Required action = For the listing below, output exactly the lines from the line with "Stihl ms200t chainsaw" up to and including the line with "Tab路亞竿保護套束竿帶魚(yú)竿袋護竿套 路亞竿包水滴輪紡車(chē)輪收納包 束竿帶黑色【小號】", and no other lines.

-- Provided records follows --

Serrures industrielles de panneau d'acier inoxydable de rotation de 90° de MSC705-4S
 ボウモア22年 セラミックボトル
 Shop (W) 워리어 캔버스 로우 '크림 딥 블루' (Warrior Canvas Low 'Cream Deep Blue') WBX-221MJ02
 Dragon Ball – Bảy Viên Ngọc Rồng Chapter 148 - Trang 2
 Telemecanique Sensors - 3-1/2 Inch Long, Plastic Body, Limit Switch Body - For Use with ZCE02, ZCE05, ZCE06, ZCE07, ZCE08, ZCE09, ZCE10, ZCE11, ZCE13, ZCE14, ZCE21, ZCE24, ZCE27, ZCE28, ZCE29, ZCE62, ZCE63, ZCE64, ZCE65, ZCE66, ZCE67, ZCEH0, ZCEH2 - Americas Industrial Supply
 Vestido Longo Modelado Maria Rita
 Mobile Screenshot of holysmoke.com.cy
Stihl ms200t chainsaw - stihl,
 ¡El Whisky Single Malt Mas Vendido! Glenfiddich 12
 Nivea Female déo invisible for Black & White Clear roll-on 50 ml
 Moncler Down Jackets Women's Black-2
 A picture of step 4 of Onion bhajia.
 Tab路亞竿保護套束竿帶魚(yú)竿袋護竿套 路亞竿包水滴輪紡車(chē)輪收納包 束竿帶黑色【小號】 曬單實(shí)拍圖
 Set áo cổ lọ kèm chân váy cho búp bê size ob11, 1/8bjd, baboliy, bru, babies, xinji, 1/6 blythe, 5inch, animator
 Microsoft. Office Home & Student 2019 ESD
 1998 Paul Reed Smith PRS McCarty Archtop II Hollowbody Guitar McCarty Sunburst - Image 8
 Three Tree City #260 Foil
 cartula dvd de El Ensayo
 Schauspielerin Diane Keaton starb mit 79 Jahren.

-- Provided records concluded --

Completed exercise =
Stihl ms200t chainsaw - stihl,
 ¡El Whisky Single Malt Mas Vendido! Glenfiddich 12
 Nivea Female déo invisible for Black & White Clear roll-on 50 ml
 Moncler Down Jackets Women's Black-2
 A picture of step 4 of Onion bhajia.
 Tab路亞竿保護套束竿帶魚(yú)竿袋護竿套 路亞竿包水滴輪紡車(chē)輪收納包 束竿帶黑色【小號】 曬單實(shí)拍圖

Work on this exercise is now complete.